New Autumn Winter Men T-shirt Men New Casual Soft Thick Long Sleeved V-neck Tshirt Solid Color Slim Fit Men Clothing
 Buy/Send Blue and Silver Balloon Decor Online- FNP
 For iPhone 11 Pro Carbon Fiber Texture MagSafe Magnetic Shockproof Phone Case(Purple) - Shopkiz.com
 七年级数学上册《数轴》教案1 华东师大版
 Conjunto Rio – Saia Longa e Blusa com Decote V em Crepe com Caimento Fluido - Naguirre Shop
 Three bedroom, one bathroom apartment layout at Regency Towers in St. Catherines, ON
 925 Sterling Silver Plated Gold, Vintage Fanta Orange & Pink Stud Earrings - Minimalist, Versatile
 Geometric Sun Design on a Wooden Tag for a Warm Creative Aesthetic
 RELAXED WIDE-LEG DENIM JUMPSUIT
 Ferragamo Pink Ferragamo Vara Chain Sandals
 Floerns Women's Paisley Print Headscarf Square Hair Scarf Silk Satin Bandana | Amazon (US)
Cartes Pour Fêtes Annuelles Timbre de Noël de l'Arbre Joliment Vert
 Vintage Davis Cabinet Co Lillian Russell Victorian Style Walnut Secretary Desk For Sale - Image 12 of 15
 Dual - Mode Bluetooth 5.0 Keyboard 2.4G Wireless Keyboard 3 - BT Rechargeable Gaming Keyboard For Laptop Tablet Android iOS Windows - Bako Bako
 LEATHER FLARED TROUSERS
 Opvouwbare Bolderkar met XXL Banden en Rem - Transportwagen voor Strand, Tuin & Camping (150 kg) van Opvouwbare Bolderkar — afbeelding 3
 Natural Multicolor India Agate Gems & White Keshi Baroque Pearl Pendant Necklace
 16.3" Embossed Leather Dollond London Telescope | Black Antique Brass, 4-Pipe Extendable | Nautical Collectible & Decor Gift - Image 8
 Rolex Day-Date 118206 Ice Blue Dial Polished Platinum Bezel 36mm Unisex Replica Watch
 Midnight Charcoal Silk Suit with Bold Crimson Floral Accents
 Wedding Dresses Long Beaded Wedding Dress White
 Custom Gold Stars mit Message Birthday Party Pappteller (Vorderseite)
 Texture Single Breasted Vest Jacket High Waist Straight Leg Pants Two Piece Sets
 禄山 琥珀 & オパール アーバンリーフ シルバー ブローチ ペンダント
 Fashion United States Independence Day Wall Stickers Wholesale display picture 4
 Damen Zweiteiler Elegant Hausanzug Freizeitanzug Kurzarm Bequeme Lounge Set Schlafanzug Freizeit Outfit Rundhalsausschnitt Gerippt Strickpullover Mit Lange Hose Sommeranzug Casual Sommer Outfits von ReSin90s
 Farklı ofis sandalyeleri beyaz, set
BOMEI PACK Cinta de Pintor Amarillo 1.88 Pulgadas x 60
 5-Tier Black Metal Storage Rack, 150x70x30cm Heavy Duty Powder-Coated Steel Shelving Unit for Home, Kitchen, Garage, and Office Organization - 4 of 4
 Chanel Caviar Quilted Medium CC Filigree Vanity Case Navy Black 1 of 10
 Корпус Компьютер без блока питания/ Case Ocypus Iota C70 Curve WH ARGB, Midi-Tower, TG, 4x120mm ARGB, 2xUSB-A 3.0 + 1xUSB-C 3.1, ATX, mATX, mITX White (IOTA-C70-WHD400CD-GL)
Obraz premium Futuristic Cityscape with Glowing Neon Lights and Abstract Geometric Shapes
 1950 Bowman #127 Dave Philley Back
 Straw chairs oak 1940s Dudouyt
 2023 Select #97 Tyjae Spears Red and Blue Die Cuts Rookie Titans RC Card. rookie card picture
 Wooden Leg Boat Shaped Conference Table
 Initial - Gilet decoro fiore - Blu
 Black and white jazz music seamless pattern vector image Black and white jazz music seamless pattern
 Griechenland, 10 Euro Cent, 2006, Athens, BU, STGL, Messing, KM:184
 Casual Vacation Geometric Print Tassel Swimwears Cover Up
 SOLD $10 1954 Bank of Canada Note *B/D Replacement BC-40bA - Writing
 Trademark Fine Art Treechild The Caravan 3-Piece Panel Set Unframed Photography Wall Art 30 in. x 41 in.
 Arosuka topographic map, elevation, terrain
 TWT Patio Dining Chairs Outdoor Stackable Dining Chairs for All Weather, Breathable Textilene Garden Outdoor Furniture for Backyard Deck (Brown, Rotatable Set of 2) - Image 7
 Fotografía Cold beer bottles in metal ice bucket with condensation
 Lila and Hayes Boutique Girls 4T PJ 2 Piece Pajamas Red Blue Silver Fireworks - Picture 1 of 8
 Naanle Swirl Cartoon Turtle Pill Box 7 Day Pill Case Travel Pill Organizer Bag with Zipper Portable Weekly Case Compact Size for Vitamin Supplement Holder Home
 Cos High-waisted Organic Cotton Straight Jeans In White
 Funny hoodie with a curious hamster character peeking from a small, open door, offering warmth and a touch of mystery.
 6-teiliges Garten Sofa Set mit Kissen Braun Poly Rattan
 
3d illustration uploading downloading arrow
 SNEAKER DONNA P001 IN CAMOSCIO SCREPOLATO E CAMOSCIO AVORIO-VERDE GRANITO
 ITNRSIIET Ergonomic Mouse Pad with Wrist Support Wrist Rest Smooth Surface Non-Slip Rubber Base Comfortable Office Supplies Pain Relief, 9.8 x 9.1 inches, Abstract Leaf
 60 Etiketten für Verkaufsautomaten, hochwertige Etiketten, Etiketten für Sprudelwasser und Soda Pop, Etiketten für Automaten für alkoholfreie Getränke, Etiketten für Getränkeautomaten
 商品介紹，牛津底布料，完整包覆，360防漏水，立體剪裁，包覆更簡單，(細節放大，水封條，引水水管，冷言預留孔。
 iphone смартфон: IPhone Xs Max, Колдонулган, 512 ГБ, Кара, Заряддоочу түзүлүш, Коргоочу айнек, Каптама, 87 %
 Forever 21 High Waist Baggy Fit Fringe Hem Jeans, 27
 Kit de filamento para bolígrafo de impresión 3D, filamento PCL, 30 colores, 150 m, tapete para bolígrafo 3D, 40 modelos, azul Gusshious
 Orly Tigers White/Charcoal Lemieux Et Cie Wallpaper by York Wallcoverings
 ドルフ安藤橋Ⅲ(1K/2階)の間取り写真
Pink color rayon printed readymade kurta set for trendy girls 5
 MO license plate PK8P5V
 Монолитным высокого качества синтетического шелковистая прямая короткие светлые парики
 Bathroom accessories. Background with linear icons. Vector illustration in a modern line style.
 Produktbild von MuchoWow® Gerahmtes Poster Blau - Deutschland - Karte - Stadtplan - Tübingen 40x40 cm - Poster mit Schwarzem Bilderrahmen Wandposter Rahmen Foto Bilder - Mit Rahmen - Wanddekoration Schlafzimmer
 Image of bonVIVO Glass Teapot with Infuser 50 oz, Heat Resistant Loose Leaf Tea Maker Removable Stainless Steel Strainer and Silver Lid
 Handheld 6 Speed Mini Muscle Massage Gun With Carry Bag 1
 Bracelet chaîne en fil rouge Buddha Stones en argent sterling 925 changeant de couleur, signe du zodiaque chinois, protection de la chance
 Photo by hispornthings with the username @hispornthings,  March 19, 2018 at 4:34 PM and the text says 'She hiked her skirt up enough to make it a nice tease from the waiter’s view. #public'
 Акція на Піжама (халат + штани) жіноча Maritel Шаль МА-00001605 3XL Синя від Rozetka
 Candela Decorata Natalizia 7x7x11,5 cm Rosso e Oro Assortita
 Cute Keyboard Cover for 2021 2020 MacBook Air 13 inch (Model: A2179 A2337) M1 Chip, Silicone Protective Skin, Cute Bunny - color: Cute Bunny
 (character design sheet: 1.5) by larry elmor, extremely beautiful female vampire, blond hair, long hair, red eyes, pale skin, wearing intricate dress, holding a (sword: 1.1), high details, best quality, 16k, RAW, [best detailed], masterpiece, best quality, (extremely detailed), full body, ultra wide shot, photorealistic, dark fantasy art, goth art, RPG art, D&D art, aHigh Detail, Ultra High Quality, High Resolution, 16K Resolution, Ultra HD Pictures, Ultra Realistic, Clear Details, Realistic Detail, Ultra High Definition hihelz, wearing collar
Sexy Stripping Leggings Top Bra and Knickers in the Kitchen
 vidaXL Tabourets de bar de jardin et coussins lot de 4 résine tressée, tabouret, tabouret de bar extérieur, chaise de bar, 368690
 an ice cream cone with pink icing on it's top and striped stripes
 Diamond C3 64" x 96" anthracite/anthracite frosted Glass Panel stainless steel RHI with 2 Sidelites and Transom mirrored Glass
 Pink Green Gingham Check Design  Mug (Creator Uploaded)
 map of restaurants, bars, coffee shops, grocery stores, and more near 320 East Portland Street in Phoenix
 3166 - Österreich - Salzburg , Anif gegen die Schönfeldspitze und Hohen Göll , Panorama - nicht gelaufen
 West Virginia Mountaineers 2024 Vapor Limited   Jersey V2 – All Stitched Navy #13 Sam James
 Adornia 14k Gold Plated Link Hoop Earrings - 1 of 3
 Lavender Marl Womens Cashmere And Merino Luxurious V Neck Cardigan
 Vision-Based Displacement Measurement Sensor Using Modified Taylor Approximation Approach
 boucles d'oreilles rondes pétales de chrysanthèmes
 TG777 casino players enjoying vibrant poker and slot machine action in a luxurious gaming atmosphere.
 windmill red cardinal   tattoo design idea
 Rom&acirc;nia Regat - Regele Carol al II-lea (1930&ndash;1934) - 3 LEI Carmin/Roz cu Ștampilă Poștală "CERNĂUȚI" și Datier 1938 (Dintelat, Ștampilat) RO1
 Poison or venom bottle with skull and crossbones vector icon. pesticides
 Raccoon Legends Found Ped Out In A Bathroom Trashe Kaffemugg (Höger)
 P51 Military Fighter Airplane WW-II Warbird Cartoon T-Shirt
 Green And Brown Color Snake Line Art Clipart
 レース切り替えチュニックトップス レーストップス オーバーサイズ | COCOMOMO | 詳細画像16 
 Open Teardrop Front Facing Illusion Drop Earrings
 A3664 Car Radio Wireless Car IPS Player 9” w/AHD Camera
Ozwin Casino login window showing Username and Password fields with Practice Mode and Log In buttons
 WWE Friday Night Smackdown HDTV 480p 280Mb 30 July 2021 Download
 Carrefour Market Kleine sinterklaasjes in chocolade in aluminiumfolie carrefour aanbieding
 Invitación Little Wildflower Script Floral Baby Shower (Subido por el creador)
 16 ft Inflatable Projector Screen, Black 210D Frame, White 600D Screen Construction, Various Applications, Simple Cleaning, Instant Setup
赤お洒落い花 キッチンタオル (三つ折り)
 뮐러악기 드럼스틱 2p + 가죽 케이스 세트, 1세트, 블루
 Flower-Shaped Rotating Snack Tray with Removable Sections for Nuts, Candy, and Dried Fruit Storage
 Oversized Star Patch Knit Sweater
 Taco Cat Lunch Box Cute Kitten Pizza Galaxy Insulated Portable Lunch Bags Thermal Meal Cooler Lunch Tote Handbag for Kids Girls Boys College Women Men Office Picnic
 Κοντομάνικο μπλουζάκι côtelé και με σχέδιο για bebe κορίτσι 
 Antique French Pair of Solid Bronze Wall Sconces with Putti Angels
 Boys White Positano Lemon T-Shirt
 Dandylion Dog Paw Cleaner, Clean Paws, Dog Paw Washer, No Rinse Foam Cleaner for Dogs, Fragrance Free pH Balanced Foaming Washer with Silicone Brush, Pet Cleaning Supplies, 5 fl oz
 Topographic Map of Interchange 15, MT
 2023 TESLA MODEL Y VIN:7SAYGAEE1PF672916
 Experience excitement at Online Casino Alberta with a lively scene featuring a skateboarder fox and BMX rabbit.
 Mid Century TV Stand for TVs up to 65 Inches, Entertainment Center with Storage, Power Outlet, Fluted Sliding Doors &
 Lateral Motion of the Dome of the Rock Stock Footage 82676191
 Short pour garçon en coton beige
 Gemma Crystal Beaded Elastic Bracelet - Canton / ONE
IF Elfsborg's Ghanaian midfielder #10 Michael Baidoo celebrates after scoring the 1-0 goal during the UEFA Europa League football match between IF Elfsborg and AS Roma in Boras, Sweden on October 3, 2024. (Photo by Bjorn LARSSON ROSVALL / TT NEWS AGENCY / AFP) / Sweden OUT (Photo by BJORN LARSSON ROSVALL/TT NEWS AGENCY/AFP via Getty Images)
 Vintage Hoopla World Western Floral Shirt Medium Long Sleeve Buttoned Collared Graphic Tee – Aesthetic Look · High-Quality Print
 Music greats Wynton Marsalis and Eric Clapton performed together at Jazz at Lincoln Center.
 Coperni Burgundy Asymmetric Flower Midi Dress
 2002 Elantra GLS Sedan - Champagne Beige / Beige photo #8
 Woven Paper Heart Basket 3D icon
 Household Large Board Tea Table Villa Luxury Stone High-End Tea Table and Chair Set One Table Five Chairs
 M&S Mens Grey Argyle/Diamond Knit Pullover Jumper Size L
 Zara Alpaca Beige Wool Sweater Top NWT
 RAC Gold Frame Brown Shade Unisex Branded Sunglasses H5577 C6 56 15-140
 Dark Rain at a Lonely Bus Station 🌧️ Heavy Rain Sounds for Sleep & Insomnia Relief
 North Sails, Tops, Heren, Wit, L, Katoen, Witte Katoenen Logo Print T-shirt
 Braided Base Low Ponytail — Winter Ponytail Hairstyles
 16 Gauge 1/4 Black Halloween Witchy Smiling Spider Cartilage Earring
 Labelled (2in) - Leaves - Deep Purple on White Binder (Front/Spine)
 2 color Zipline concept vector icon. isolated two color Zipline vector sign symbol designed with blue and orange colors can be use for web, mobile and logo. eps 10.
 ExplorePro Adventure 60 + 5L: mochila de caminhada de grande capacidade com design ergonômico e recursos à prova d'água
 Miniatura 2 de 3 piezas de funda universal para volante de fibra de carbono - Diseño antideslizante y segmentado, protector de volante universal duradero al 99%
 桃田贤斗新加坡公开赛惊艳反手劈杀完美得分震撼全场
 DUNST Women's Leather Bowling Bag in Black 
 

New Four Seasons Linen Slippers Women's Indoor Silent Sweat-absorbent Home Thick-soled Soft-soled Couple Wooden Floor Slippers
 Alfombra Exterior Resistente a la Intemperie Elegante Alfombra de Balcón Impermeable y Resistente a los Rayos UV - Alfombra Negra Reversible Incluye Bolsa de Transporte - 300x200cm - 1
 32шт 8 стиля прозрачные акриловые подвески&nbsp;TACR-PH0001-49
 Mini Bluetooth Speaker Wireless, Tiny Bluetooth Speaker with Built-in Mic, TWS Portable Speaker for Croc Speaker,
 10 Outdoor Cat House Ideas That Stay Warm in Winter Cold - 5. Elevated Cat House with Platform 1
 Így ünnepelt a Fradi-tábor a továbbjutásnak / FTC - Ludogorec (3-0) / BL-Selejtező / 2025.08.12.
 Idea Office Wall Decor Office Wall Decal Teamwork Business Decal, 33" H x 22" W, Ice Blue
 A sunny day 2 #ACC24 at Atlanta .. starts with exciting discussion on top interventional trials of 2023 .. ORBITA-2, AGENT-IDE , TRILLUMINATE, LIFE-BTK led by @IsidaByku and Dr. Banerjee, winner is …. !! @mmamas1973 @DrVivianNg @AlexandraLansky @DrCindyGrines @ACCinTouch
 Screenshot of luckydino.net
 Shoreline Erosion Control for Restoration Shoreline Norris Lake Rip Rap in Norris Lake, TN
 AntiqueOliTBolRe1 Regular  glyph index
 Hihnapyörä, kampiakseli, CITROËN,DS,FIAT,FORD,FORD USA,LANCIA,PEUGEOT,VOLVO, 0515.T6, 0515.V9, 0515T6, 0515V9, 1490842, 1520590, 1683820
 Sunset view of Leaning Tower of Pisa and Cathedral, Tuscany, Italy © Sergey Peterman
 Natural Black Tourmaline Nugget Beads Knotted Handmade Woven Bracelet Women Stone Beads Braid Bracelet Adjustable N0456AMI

> Goal of the exercise
What you give back should be only the lines of the records above, starting at the line with "レース切り替えチュニックトップス レーストップス オーバーサイズ" and ending at the line with "뮐러악기 드럼스틱 2p + 가죽 케이스 세트, 1세트, 블루", restated word for word.

> Answer space
 レース切り替えチュニックトップス レーストップス オーバーサイズ | COCOMOMO | 詳細画像16 
 Open Teardrop Front Facing Illusion Drop Earrings
 A3664 Car Radio Wireless Car IPS Player 9” w/AHD Camera
Ozwin Casino login window showing Username and Password fields with Practice Mode and Log In buttons
 WWE Friday Night Smackdown HDTV 480p 280Mb 30 July 2021 Download
 Carrefour Market Kleine sinterklaasjes in chocolade in aluminiumfolie carrefour aanbieding
 Invitación Little Wildflower Script Floral Baby Shower (Subido por el creador)
 16 ft Inflatable Projector Screen, Black 210D Frame, White 600D Screen Construction, Various Applications, Simple Cleaning, Instant Setup
赤お洒落い花 キッチンタオル (三つ折り)
 뮐러악기 드럼스틱 2p + 가죽 케이스 세트, 1세트, 블루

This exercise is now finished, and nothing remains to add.